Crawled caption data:
═══

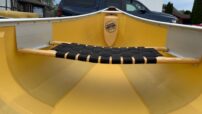 Wenonah Prospector 15 - Outfitter, Aramid Ultralight, Silver Trim, Curved Hung Web Seats - Blem - Image 6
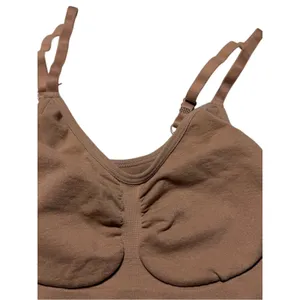 Comfort by Real Seamless Shaping Bodysuit Shorts Beige Large thumbnail 3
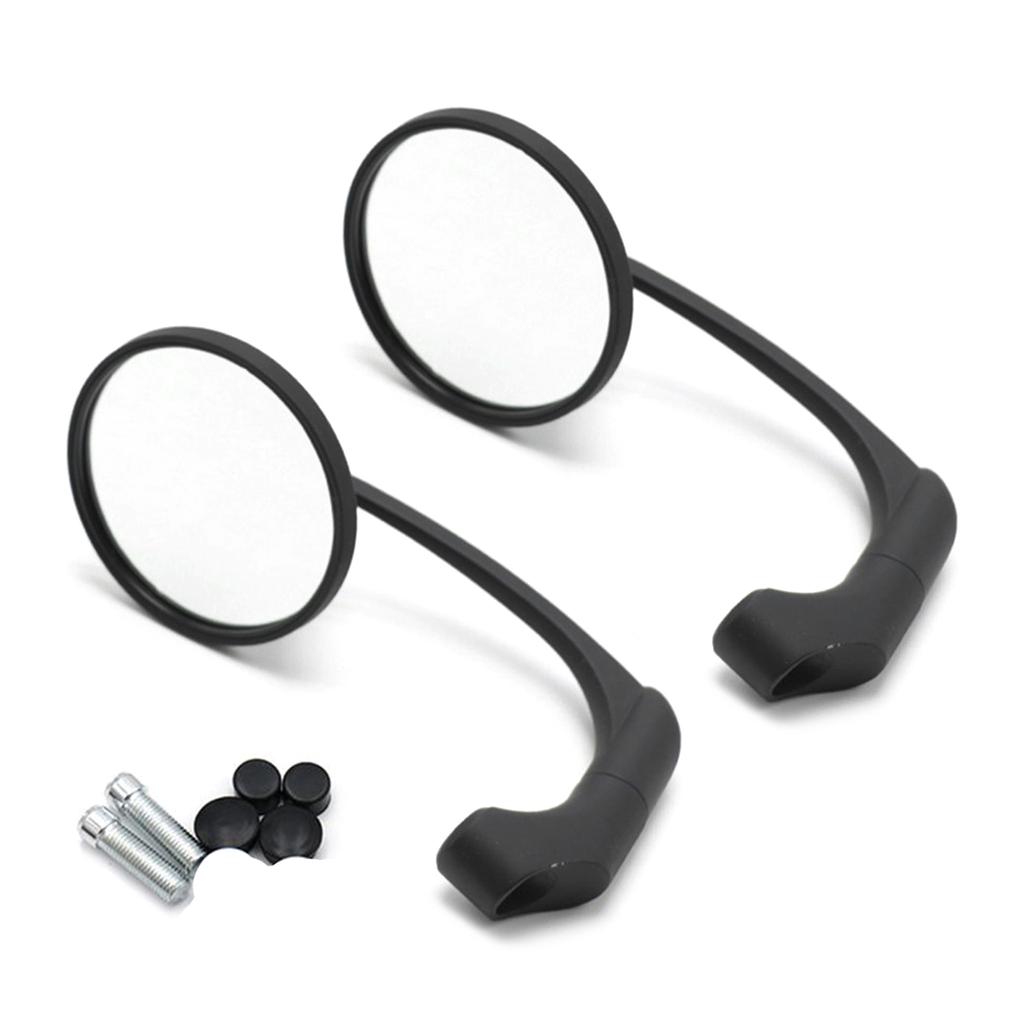 Adjustable End Motorcycle Rearview Side Motorcycle Modification Parts l Fitting for 10mm Handlebars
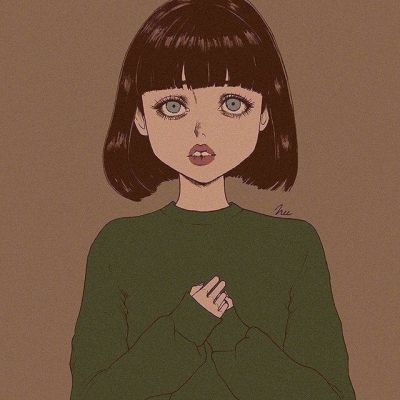 27张简约气质动漫女生头像 高清好看又百搭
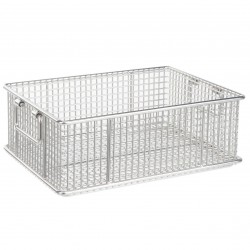 Panier à instruments  | Panier de stérilisation inox empilable 9 modèles BOCHEM | BOC-17300_1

═══

» What to work on
Output every record above word for word, omitting any pictures they contain.

» Exercise result
 Wenonah Prospector 15 - Outfitter, Aramid Ultralight, Silver Trim, Curved Hung Web Seats - Blem - Image 6
 Comfort by Real Seamless Shaping Bodysuit Shorts Beige Large thumbnail 3
 Adjustable End Motorcycle Rearview Side Motorcycle Modification Parts l Fitting for 10mm Handlebars
 27张简约气质动漫女生头像 高清好看又百搭
 Panier à instruments  | Panier de stérilisation inox empilable 9 modèles BOCHEM | BOC-17300_1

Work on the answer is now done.